Produce an exact copy of the lines from the line that contains "Silver Ford Econoline" to the end of the listing below.

※

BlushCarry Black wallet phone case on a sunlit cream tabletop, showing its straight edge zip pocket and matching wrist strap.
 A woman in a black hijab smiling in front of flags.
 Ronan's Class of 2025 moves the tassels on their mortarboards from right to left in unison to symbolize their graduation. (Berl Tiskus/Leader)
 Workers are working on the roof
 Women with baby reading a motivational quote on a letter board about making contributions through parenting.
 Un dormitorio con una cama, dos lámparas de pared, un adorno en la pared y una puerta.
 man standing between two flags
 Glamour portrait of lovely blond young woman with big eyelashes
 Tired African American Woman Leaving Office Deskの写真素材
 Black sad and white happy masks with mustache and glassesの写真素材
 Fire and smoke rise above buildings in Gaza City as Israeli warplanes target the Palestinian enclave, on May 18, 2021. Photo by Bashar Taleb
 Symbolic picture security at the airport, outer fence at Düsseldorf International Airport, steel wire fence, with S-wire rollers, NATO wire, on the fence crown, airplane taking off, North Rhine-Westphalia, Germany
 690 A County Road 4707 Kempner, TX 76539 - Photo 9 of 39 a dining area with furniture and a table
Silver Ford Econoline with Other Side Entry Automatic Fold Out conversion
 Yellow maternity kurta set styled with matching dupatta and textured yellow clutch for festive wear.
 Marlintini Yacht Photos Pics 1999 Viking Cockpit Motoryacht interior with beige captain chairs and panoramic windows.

※

Task solution:
Silver Ford Econoline with Other Side Entry Automatic Fold Out conversion
 Yellow maternity kurta set styled with matching dupatta and textured yellow clutch for festive wear.
 Marlintini Yacht Photos Pics 1999 Viking Cockpit Motoryacht interior with beige captain chairs and panoramic windows.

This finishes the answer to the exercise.